Araştırmacılara göre bunun nedeni, ışınımın etkisinde kalan erkek farelerde- yaşlı farelerde yaygın bir ölüm nedeni olan- süreğen böbrek sorunlarının ortaya çıkma olasılığının çok daha düşük olmasından kaynaklanıyor olabilirdi.
Sonuçlar insanları içermiyor
Araştırmada yer almayan ABD Besin ve İlaç Dairesi’ne bağlı Aygıtlar ve Radyolojik Sağlık Merkezi’nin başkanı Dr.
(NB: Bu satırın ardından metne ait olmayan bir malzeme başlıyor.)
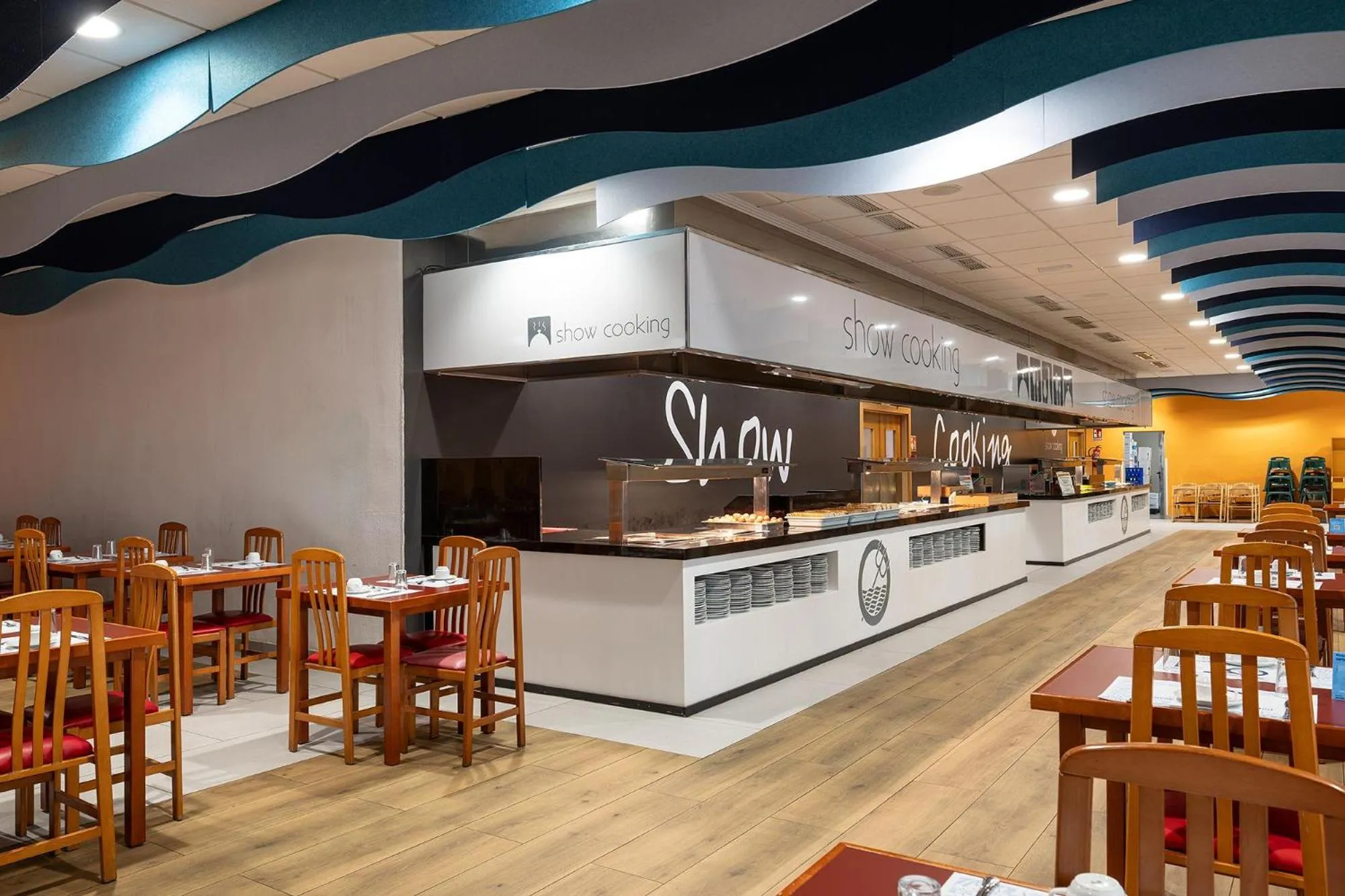 Lounge or bar in Hotel Playas de Guardamar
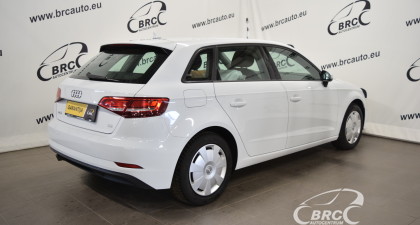 Audi A3 Sportback TDi A/T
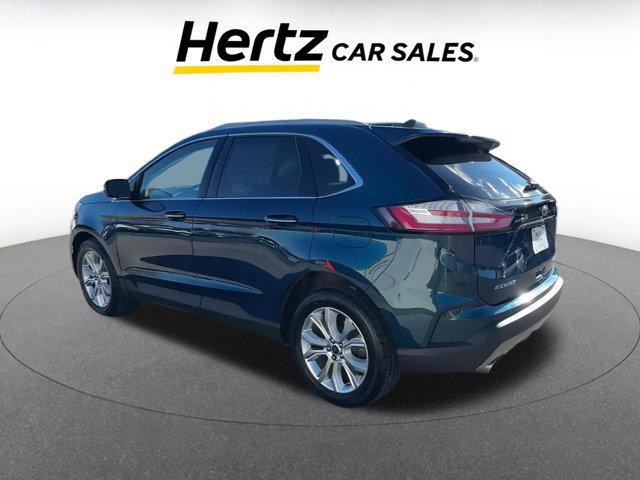 used 2020 Ford Edge car, priced at $18,774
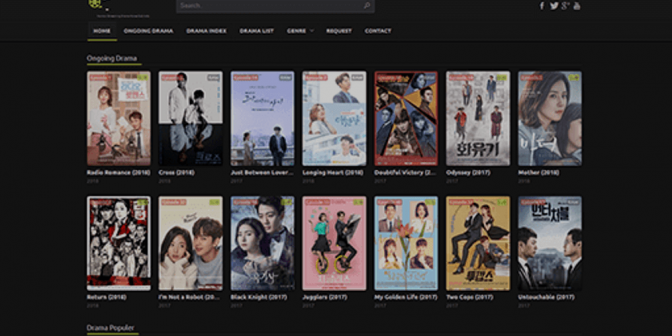 Situs Download FIlm Drama Korea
Jeffrey Shuren, “Hayvanlar üzerinde yapılan bu tür çalışmalar konuyla ilgili tartışmalara ciddi bir katkıda bulunmakla birlikte, bu çalışmaların cep telefonu kullanımının insanlar üzerindeki etkilerini araştırmak üzere tasarlanmadıklarını ve bu nedenle elde edilen bulgulardan insanlarla ilgili kesin bir sonuca ulaşılamayacağını da unutmamak gerekir,” diyor.
Shuren, ayrıca, bu son araştırmada gerçek anlamda bir “doz-etki” ilişkisine tanık olunmadığının ve bunun da hayvanların karşı karşıya geldikleri ışınımın dozları ile urların gelişme oranı arasında belirgin bir ilişki olmadığı anlamına geldiğinin
de altını çiziyor.
Shuren, “Elde edilen bilimsel veriler genel olarak insanların halihazırda cep telefonlarından yayılan düzeylerde ya da bunun altında bir ışınımla karşı karşıya kalmalarının sağlıklarını olumsuz yönde etkilemeyeceğine işaret ediyor.
Öyle ki, kamu sağlığı açısından cep telefonları için güvenli sayılan sınırların şimdilik geçerliliğini koruduğuna inanıyoruz,” diyor.
ABD Ulusal Toksikoloji Programı araştırmacıları gelecekte daha yeni teknolojilerin etkileriyle ilgili çalışmalar yapmayı tasarladıklarını ve bu çalışmalarda daha farklı yöntemlerden yararlanarak çok daha kısa sürede sonuca ulaşmayı hedeflediklerini belirtiyorlar.